Homme de Gauche au caractère bien trempé, son sens de la diplomatie n’est pas très aiguisé. Par ses prises de position rageuses contre l’État français, qui refuse de signer la charte européenne des langues minoritaires, il se coupe progressivement du soutien des collectivités territoriales. Dans la même veine, fidèle à sa nature rebelle, Gwenc’hlan fait paraître au mois de décembre 2005, un dernier ouvrage intitulé « Résistances, mémoires d’un rebelle », aux éditions de l’Arbre d’Or, dans lequel il livre sa difficulté et son ressentiment par rapport au colonialisme français et au sectarisme jacobin des responsables politiques qui président aux institutions nationales.

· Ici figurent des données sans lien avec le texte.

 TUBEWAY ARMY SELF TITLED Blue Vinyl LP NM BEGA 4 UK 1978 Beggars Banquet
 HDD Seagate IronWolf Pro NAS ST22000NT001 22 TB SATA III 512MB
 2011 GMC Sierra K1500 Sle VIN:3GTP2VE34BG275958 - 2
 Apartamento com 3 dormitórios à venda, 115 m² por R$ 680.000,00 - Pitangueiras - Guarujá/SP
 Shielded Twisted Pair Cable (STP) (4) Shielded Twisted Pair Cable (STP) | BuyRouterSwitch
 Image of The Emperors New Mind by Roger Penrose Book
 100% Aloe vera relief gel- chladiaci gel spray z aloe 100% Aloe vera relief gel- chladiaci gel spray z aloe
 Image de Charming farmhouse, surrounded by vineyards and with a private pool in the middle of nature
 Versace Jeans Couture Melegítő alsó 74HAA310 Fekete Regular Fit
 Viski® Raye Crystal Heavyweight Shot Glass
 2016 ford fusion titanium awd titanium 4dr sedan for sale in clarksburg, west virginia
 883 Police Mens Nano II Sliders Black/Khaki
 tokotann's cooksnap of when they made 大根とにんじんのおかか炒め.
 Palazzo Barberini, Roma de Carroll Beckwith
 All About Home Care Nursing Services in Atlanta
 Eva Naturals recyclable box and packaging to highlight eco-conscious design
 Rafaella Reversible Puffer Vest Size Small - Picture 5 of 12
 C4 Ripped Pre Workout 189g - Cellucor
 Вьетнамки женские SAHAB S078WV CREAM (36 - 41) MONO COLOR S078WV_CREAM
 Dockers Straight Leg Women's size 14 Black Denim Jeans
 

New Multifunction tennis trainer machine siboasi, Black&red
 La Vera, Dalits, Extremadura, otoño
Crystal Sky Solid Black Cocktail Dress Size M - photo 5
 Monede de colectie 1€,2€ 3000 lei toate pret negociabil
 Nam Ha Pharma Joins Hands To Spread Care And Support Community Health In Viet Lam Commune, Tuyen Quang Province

Gwenc’hlan décède en 2008 et Per Vari Kerloc’h lui succède, 6ème Grand Druide du Gorsedd de Bretagne sous le nom de « Morgan ». Le nouveau Grand druide faisant preuve de plus de diplomatie, les relations entre le Gorsedd de Bretagne et les institutions locales et régionales se sont apaisées. Sous le mandat de Morgan, un chantier est ouvert pour réfléchir à une éventuelle modernisation des règlements du Gorsedd de Bretagne.